■目標達成は一筋縄ではいかない
その日ハルトと会社の同僚の山ガール、マミさんとミユキさんは、たまたま社員食堂で一緒になり、同じテーブルについていました。どうやらマミさんにちょっとした悩みがあるようです。
「よく上司から"SMART"を使ってしっかり目標を立てなさい、といわれて、実行してはみるんだけど、なかなか最後までやり遂げるのは難しいのよね」。ミユキさんも同感、同感とうなずきます。
「いきなり業務にSMARTを適用するのは、確かに少し難しいかも。人事評価にもつながってくるし、プレッシャーだよね。もっと身近なことにSMARTを当てはめて少し慣れ親しんでは? 例えば山登りの目標とか」と、ハルトはアイデアを提案しました。
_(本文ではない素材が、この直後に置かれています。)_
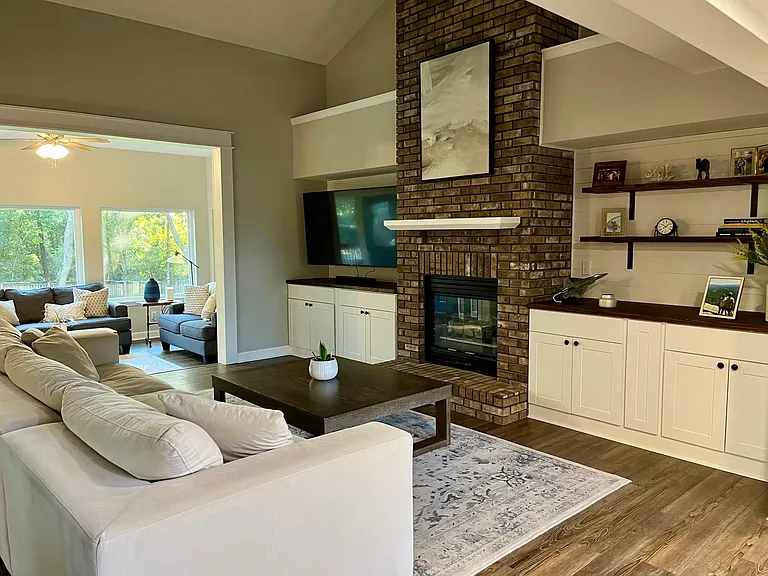 246 Hillside Dr — Photo 3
マミさんはなるほどねという顔をしましたが、やや懐疑的でもあります。「といっても、富士山に登るぞーっ!という目標だけだと、ちょっと単純すぎないかしら?」
ハルトは笑いをこらえながら言います。「例えば、3日坊主で終わっている山のトレーニングや勉強はない? 以前から気になっていたものの、いつも計画倒れで終わっている山とかは?」
「ああ、そういえば…」と、マミさんは何かひらめいたようです。そして「ミユキも何か目標をつくってみたら?」。「そうね、じゃあ私は…」。ハルトに触発された2人は、それぞれSMARTを使って山の目標を組み立てることになったのです。
■S・M・A・R・Tの意味と目的
ところで、ハルトたちの会話に出てきた「SMART」という言葉。すでに本連載で紹介したものですが、初めての読者のために復習をかねて述べておきましょう。SMARTは目標を立てる際に考慮すべき5つのポイントのことで、これにそって組み立てれば、実行と達成が容易になるというもの。
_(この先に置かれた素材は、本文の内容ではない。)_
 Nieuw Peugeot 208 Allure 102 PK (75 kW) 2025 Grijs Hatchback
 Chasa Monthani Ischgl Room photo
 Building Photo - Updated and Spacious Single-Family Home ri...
まず「S(Specific)」。これは何をどのように達成したいのか具体的に書くという意味です。「M(Measurable)」は、目標の到達度をはかるものさしを決めておくこと。「A(Achievable)」は単なる理想や自分の力量を超えた目標ではなく、現実的に達成するための手段や条件が揃っている(または揃えることが可能である)ということです。
「R(Relevant)」は、これから達成しようとすることについて実行する価値があるか、実行するのは今でよいか? おおもとの方針や原則に沿っているといったこと。「T(Time-bound)」は期限が設けられていること。あることを成し遂げるためにどんなに時間をかけてもよいというのは、目標を設定しないのと同じです。制限時間内に達成するところに目標達成の意義と価値があるからです。
さてマミさんの目標は「山の読図術をマスターする」とのこと。今まで食わず嫌いで通してきた読図の基本をしっかり覚えようと心に決めました。ミユキさんは「テント泊デビューするための体力をつける」。最近では登山女子が自前のテントを背負って山を歩く姿を少なからず見かけます。カッコいいなあ、いつかは私も…とミユキさんは考えていますが、まずはテントを背負う体力をつけるのが先です。